But what does that mean for us as teachers? For the teachers who care passionately and want to give our students our very best so they may have the very best education?

It means we risk destroying ourselves in the process. These days, our hearts are at risk. Literally and figuratively. But more on that in a minute…

While we teachers work, our own children attend school. Many of them are too young to be vaccinated. Still, we send them to school because we believe in the power of in-person education, despite the risks. Right now, the benefits outweigh the risks, so I believe they are where they need to be. But they are not as safe as they could be. The risks could be reduced for them, even without the ability to be vaccinated yet. Masks can help reduce their risk.

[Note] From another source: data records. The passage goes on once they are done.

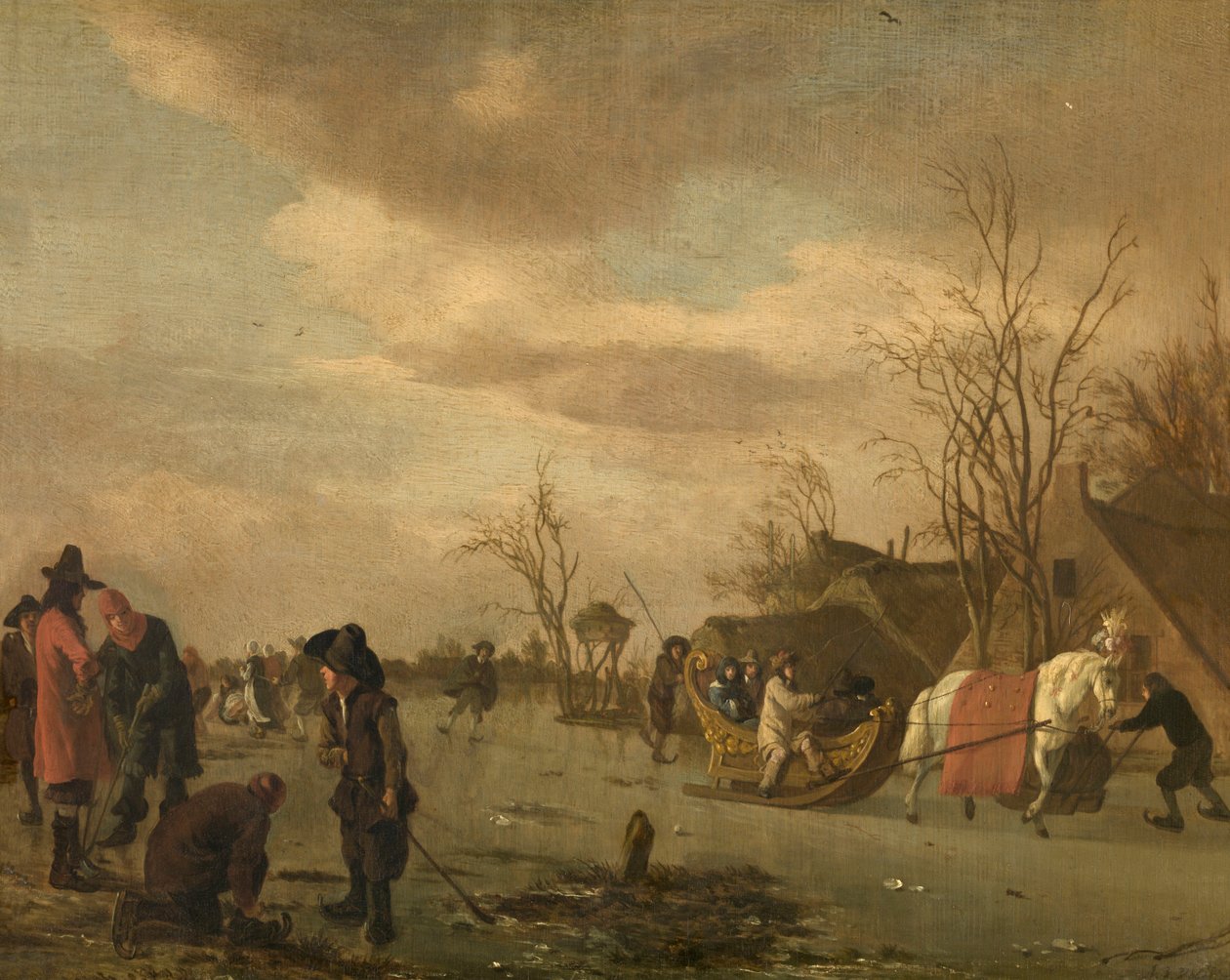 Winterpret door Adriaen van de Velde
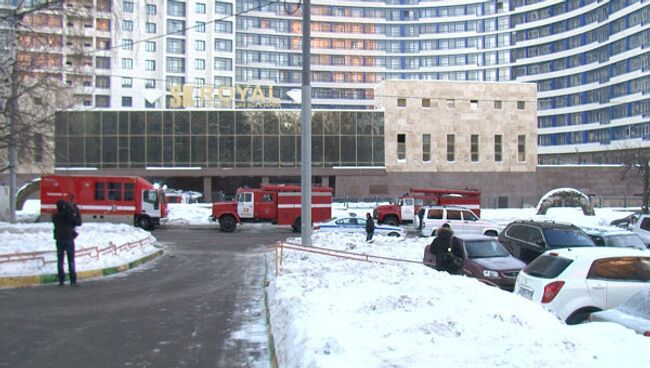 Пожар на юго-западе Москвы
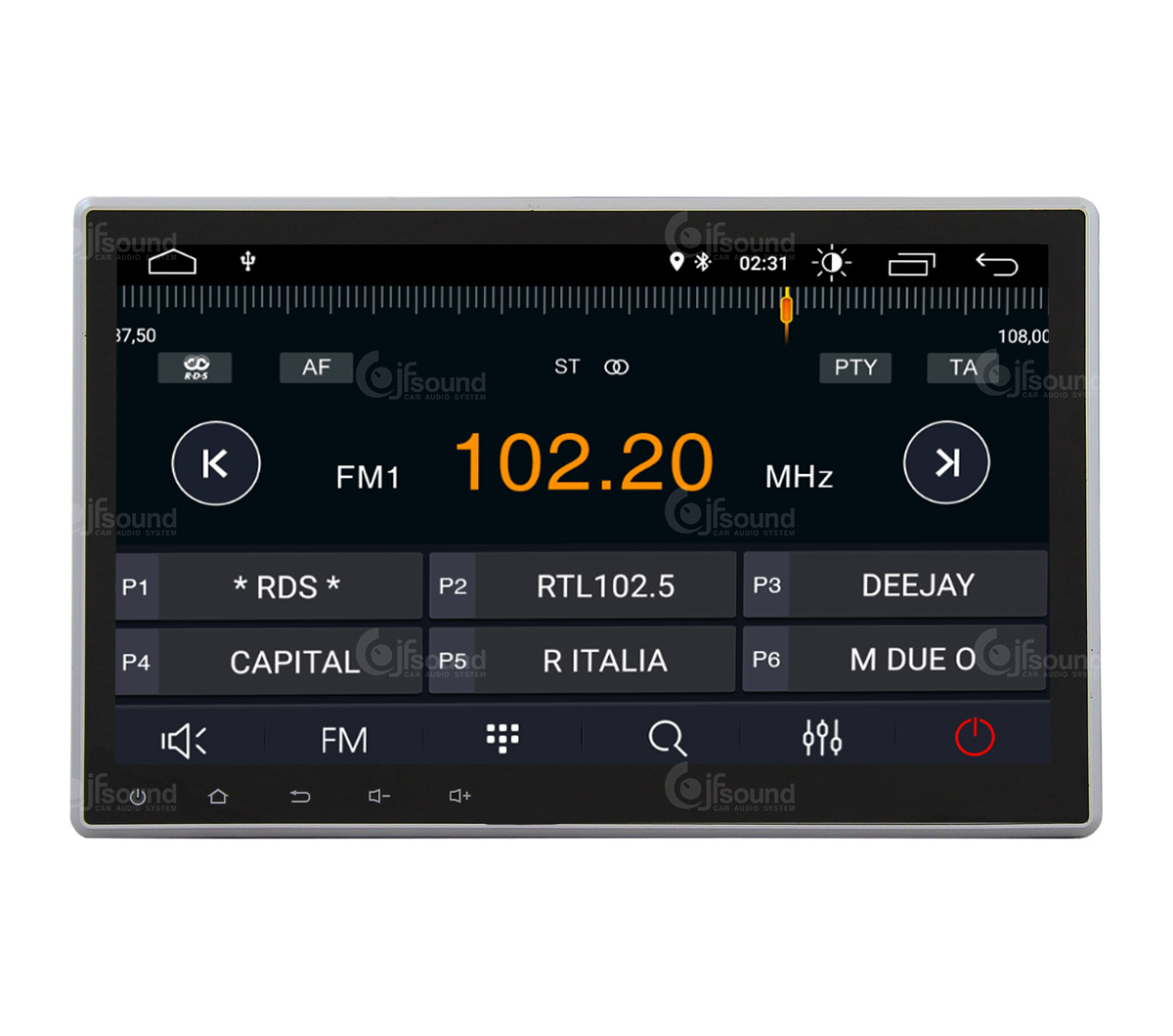 JFSound X7C-PRO JF-011-X7C-FTR-PRO autoradio Ford Transit DSP
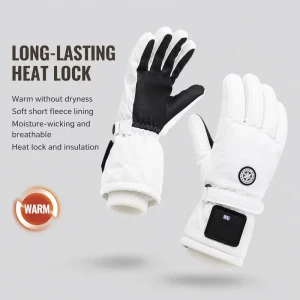 Custom Logo Heat Lock Outdoor Winter Thickened Waterproof Touchscreen Needle Detection Wrist Length Sports Warm Gloves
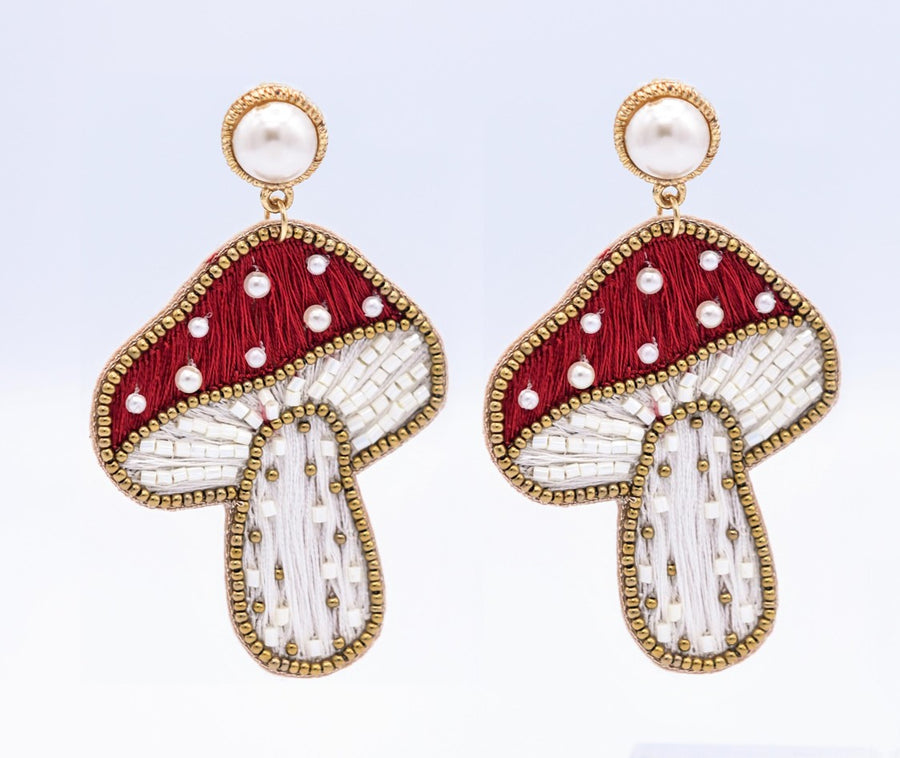 Mushroom Earrings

But in most places, there are no school mask mandates. And without mask mandates — or at least the autonomony in our classrooms to require them — the virus will spread like wildfire. The Delta variant is hitting kids as fast as adults. It is as contagious as measles.

Wearing a mask does less to help the person wearing it than it does to those around them. So when my children wear masks and no one else does, their masks do little for them. And if I, a vaccinated teacher who poses little to no risk to others, wear one, it does very little to help my students. But if we all wear masks, it does innumerable good. And if we all wear masks, it does zero harm.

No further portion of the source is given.